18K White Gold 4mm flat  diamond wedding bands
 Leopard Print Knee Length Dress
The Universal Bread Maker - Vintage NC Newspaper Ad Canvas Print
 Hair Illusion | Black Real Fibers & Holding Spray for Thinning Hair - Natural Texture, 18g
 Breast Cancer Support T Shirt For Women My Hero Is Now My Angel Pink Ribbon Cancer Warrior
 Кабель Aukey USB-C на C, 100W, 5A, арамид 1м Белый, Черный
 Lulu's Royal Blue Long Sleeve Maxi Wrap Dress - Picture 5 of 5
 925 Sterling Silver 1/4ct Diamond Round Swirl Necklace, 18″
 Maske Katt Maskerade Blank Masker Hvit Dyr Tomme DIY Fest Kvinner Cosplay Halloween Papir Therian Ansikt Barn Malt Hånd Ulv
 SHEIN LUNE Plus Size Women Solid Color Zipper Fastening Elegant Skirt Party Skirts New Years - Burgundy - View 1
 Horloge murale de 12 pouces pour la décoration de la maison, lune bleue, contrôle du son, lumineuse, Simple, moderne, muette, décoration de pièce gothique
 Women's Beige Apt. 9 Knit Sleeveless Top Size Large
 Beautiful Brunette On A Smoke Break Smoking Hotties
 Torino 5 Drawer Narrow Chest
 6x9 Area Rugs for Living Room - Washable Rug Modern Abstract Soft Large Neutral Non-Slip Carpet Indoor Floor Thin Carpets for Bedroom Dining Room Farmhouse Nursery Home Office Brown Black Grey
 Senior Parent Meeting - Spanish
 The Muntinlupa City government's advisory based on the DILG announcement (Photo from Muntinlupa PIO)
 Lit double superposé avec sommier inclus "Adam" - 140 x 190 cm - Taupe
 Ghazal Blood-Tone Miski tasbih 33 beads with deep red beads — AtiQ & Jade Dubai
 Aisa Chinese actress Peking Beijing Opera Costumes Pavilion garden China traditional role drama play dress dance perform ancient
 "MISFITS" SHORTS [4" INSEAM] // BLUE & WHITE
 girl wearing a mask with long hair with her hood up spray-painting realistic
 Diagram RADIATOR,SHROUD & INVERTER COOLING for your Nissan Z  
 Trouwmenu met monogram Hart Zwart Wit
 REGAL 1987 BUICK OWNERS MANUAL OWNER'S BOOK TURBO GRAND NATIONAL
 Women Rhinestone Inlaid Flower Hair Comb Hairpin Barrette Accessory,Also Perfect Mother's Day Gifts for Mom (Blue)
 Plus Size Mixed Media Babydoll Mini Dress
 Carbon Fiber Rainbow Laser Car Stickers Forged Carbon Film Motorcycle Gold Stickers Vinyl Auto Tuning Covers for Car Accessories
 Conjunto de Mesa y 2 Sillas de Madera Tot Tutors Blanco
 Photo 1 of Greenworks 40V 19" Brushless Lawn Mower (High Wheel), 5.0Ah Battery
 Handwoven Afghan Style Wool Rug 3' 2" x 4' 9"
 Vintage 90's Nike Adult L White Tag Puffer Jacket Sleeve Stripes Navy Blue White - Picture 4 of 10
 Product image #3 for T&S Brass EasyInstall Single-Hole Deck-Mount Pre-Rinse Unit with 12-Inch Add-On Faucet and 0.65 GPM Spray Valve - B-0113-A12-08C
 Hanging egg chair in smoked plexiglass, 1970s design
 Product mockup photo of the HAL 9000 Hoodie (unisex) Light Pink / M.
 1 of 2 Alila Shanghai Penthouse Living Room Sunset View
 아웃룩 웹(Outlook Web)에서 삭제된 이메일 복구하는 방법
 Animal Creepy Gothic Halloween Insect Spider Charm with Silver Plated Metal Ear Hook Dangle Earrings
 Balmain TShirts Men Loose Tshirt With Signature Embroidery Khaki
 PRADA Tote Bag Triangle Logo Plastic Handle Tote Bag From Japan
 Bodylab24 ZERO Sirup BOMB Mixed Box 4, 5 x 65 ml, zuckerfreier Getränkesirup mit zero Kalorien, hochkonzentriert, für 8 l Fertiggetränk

• PROBLEM TO SOLVE
Write out exactly the lines from the start of the material through the line with "Torino 5 Drawer Narrow Chest". No other output is expected.

• EXERCISE ANSWER
18K White Gold 4mm flat  diamond wedding bands
 Leopard Print Knee Length Dress
The Universal Bread Maker - Vintage NC Newspaper Ad Canvas Print
 Hair Illusion | Black Real Fibers & Holding Spray for Thinning Hair - Natural Texture, 18g
 Breast Cancer Support T Shirt For Women My Hero Is Now My Angel Pink Ribbon Cancer Warrior
 Кабель Aukey USB-C на C, 100W, 5A, арамид 1м Белый, Черный
 Lulu's Royal Blue Long Sleeve Maxi Wrap Dress - Picture 5 of 5
 925 Sterling Silver 1/4ct Diamond Round Swirl Necklace, 18″
 Maske Katt Maskerade Blank Masker Hvit Dyr Tomme DIY Fest Kvinner Cosplay Halloween Papir Therian Ansikt Barn Malt Hånd Ulv
 SHEIN LUNE Plus Size Women Solid Color Zipper Fastening Elegant Skirt Party Skirts New Years - Burgundy - View 1
 Horloge murale de 12 pouces pour la décoration de la maison, lune bleue, contrôle du son, lumineuse, Simple, moderne, muette, décoration de pièce gothique
 Women's Beige Apt. 9 Knit Sleeveless Top Size Large
 Beautiful Brunette On A Smoke Break Smoking Hotties
 Torino 5 Drawer Narrow Chest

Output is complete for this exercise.